Exercise instructions
A word-for-word copy of the data is what's wanted, with no pictures.

[Saved entries]
════════════════════

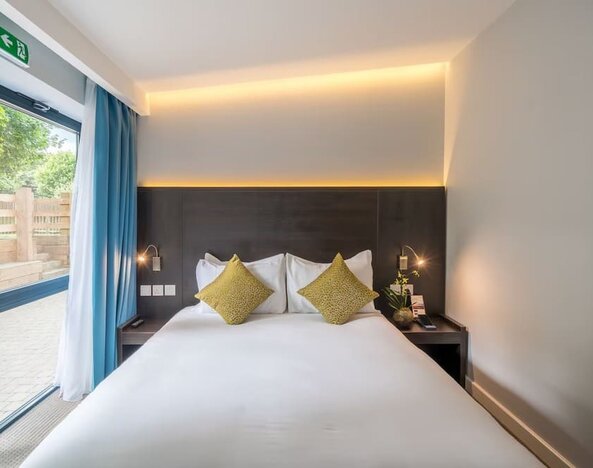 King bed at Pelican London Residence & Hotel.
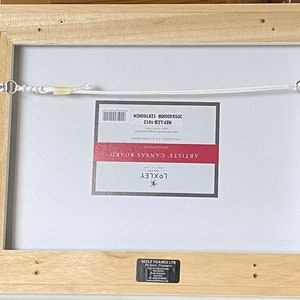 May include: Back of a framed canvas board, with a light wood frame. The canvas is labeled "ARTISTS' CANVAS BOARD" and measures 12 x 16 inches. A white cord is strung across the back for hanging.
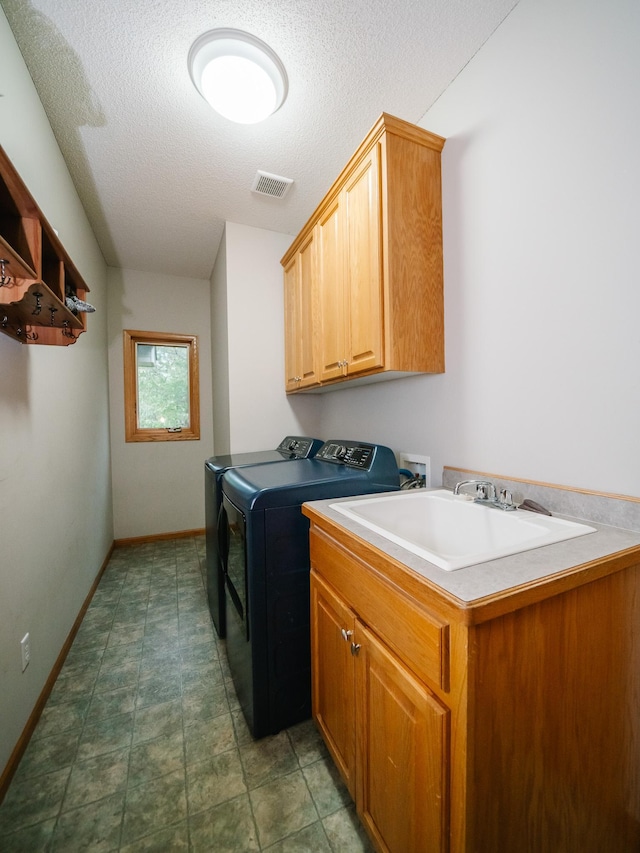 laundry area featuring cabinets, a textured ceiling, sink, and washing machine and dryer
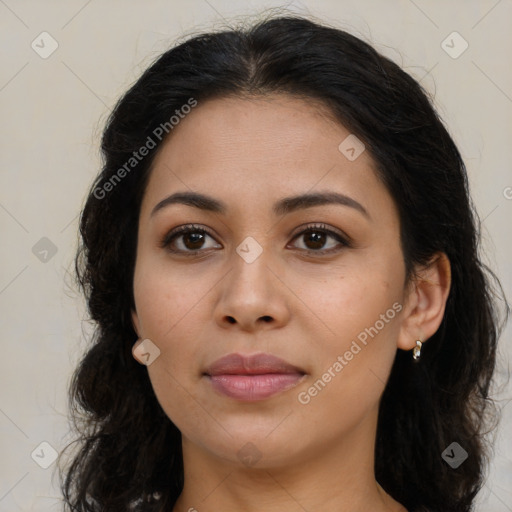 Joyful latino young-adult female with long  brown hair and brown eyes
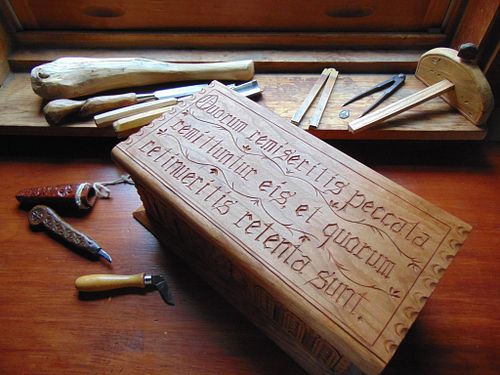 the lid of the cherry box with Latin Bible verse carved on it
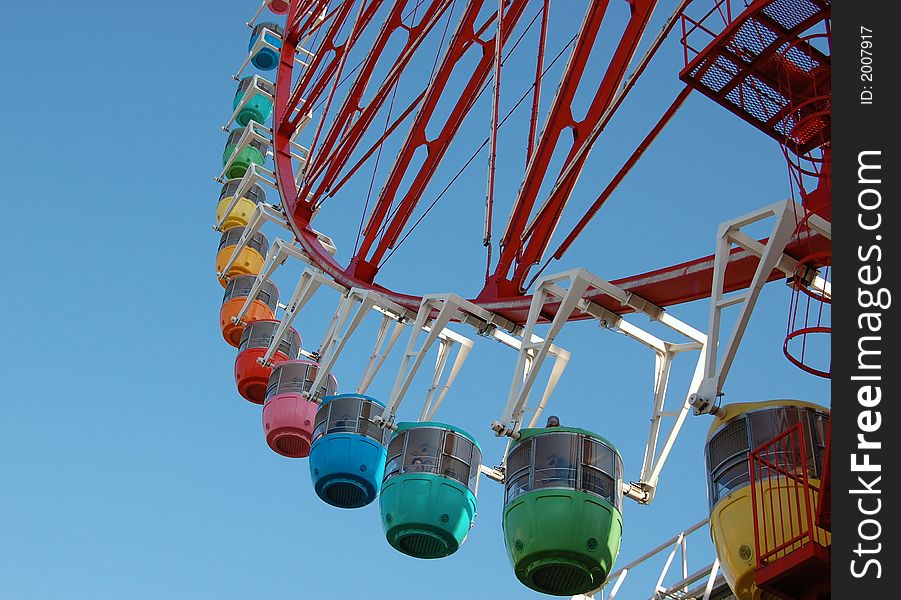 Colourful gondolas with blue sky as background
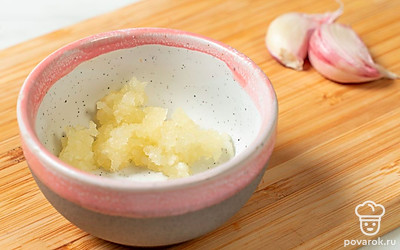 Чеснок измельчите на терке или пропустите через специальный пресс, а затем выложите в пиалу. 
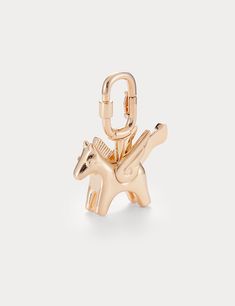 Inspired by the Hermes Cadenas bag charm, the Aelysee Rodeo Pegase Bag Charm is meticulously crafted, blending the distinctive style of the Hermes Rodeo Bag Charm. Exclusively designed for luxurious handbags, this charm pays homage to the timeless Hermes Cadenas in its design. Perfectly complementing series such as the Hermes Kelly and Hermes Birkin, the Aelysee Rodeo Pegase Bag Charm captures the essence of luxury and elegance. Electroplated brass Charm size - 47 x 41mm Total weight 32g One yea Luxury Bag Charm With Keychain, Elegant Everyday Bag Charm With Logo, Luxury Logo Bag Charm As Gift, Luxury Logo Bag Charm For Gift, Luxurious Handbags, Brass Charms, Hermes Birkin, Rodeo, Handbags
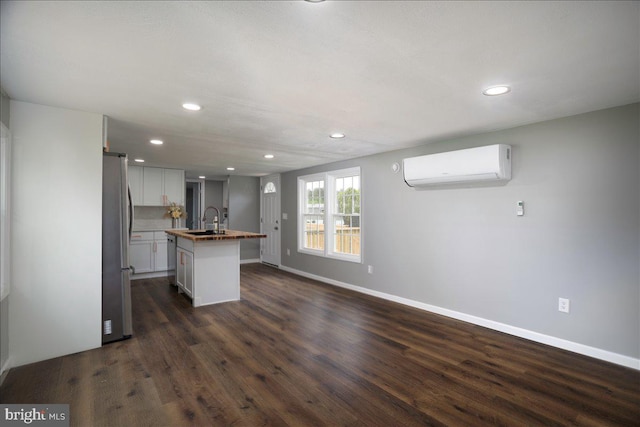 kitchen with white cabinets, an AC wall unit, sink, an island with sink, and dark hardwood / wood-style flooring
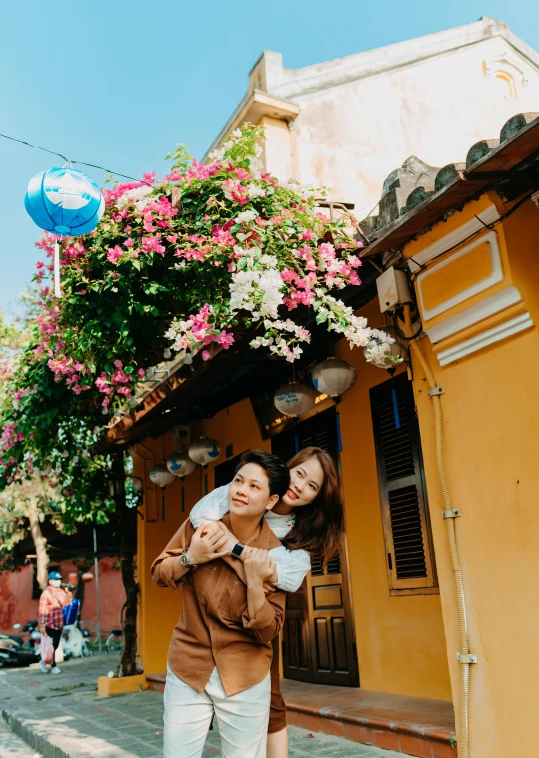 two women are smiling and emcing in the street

════════════════════

Written solution
 King bed at Pelican London Residence & Hotel.
 May include: Back of a framed canvas board, with a light wood frame. The canvas is labeled "ARTISTS' CANVAS BOARD" and measures 12 x 16 inches. A white cord is strung across the back for hanging.
 laundry area featuring cabinets, a textured ceiling, sink, and washing machine and dryer
 Joyful latino young-adult female with long  brown hair and brown eyes
 the lid of the cherry box with Latin Bible verse carved on it
 Colourful gondolas with blue sky as background
 Чеснок измельчите на терке или пропустите через специальный пресс, а затем выложите в пиалу. 
 Inspired by the Hermes Cadenas bag charm, the Aelysee Rodeo Pegase Bag Charm is meticulously crafted, blending the distinctive style of the Hermes Rodeo Bag Charm. Exclusively designed for luxurious handbags, this charm pays homage to the timeless Hermes Cadenas in its design. Perfectly complementing series such as the Hermes Kelly and Hermes Birkin, the Aelysee Rodeo Pegase Bag Charm captures the essence of luxury and elegance. Electroplated brass Charm size - 47 x 41mm Total weight 32g One yea Luxury Bag Charm With Keychain, Elegant Everyday Bag Charm With Logo, Luxury Logo Bag Charm As Gift, Luxury Logo Bag Charm For Gift, Luxurious Handbags, Brass Charms, Hermes Birkin, Rodeo, Handbags
 kitchen with white cabinets, an AC wall unit, sink, an island with sink, and dark hardwood / wood-style flooring
 two women are smiling and emcing in the street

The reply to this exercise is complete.